Rice Football smothered in Bayou Bucket loss to Houston

September 14, 2024 By Matthew Bartlett

Rice Football fell behind early and never threatened to catch up, ceding the Bayou Bucket to Houston after a one-year sojourn at South Main.

It had been more than 20 years since Rice football had claimed the Bayou Bucket in successive seasons. That streak will continue for quite some time longer after Saturday’s loss at TDECU Stadium. There’s one game left in the series as things stand and Rice can’t wait for another shot to redeem themselves from a rough outing in their biggest rivalry matchup. Here are a few immediate reactions from the game:

Going Sideways

Notwithstanding their big day on the scoreboard against Texas Southern, the Rice football offense has struggled to move the ball north and south this season. They’ve largely been a horizontal offense utilizing their speed to the edges to outflank their opponents and slowly matriculate their way down the field. When you’re playing a less talented opponent, that works. When you’re playing a Big 12 team that is just as athletic as you are if not more so, it’s impossible. Rice found that out the hard way, early on.

The first three plays from scrimmage were a Dean Connors run off left tackle followed by a swing pass to Connors off the left side and then a flat out to Boden Groen. They gained seven yards and punted. EJ Warner was under a decent amount of pressure early but misfired on most of his shots down the field. Rice didn’t get any points from their offense until there were 68 seconds left in regulation.

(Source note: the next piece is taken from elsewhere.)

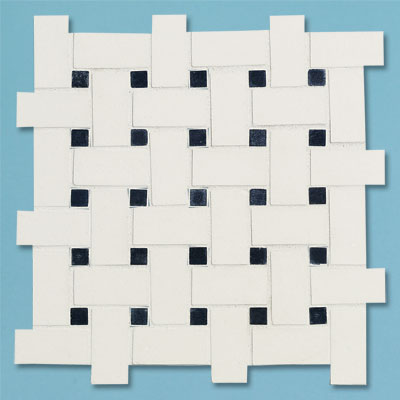 example of a mid-range  black and white basketweave tile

Against FCS competition, Rice has scored 69 points. Against FBS foes the Owls have mustered just 21 in twice as many quarters.

If there was a weak link, it was hard to identify. Warner missed some receivers downfield, the protection regularly failed to give him time to work and the receivers did not generate nearly enough separation. There were moments when everything seemed to come together, but the passing game was flat and horizontal making it near impossible to sustain any meaningful drive.

Rice had one snap on the plus side of the 50 in the first half and seven such plays in the second half. They were 2-for-13 on third down. For an offense, it doesn’t get much worse than this.

The personnel is the personnel. The staff is the staff. They’ve got to figure something out, fast.

Defense staves off a massacre

In hindsight, leading the nation in sacks through two games should have been the clear indicator that this current iteration of Rice football would be led by its defense. A tough opening quarter, which included 35 total yards from the offense and a punt return score, would have been so much worse if the defense hadn’t picked up the slack.

Josh Pearcy added to that sack total on the opening drive, although that takedown probably could have been credited to a few Owls, which is a testament to just how dominant the front seven has been so far this season.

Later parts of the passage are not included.